Brief = Would you transcribe the records below from the line with "Men's Genuine Cow" to the line with "Set of Thanks", ends included, exactly and with nothing more, leaving the pictures out?
===== Supplied records =====
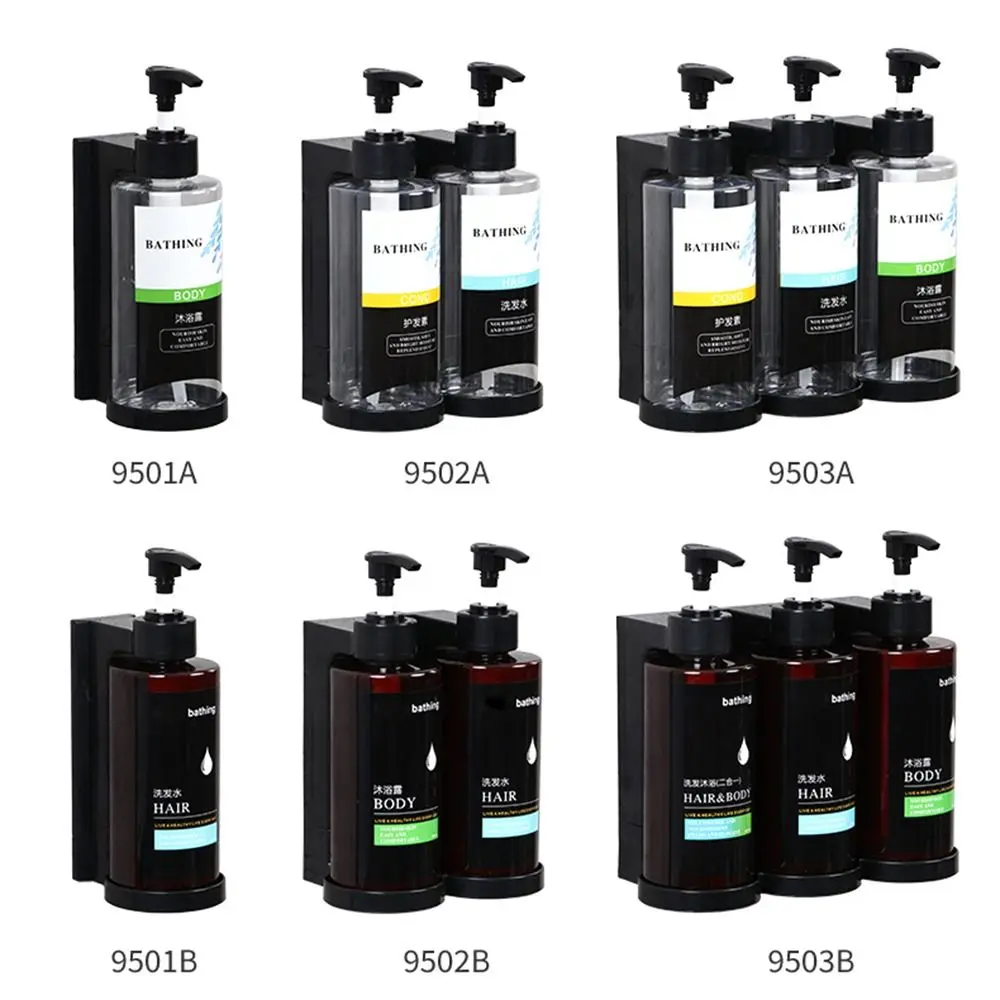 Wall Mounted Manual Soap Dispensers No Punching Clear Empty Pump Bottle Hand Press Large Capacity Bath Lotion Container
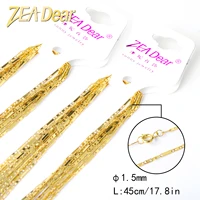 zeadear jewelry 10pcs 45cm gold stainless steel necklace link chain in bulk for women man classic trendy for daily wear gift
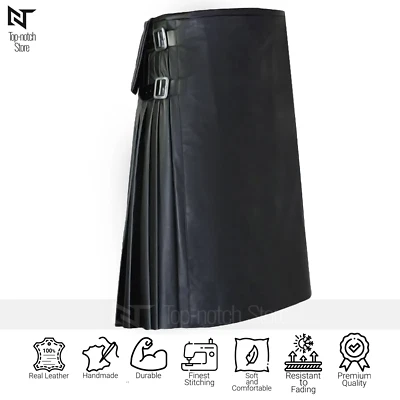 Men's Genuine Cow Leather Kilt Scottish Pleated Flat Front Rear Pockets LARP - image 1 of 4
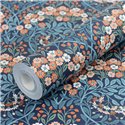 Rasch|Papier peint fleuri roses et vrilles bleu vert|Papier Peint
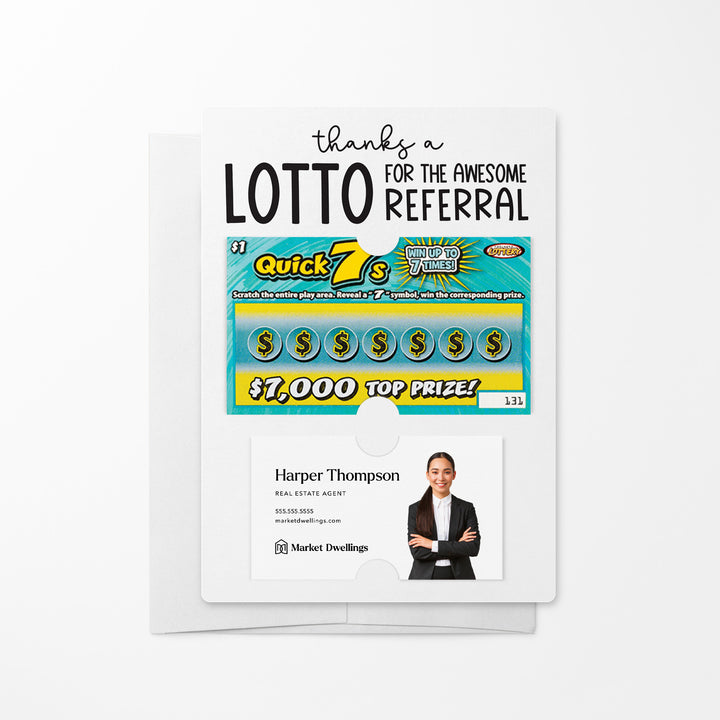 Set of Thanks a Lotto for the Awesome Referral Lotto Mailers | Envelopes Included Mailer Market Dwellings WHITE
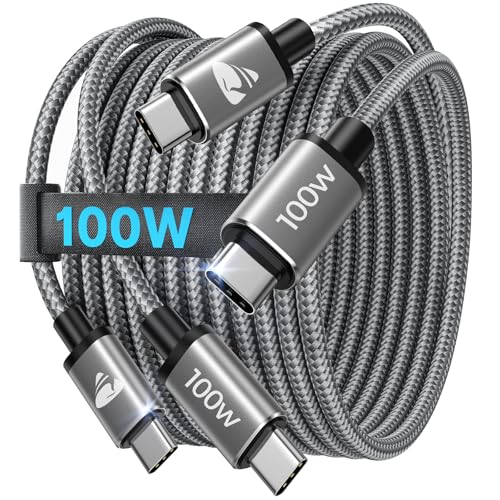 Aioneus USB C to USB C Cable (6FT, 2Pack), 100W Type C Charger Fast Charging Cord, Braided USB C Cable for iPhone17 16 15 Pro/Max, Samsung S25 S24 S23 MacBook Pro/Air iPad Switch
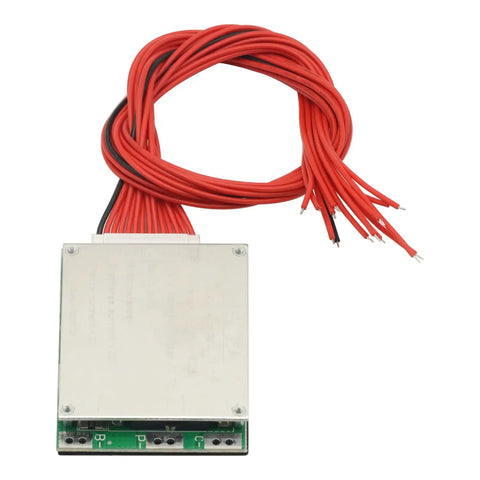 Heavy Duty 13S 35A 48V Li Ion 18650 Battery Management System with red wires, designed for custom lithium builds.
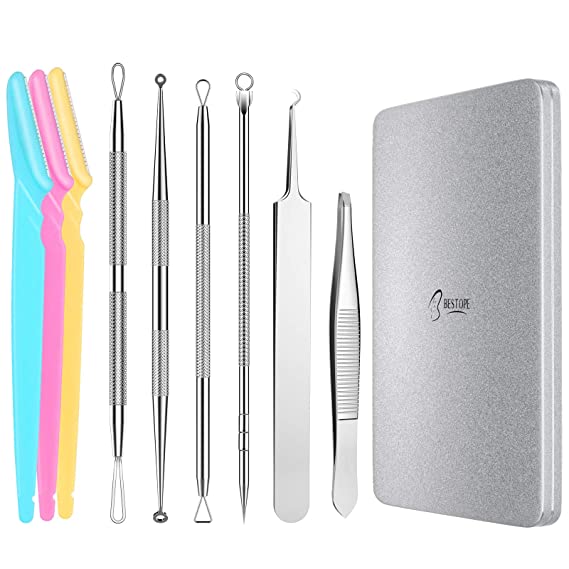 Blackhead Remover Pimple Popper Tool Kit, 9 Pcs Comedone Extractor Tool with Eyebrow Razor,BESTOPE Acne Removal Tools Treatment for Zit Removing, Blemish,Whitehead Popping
=====
Expected output =
 Men's Genuine Cow Leather Kilt Scottish Pleated Flat Front Rear Pockets LARP - image 1 of 4
 Rasch|Papier peint fleuri roses et vrilles bleu vert|Papier Peint
 Set of Thanks a Lotto for the Awesome Referral Lotto Mailers | Envelopes Included Mailer Market Dwellings WHITE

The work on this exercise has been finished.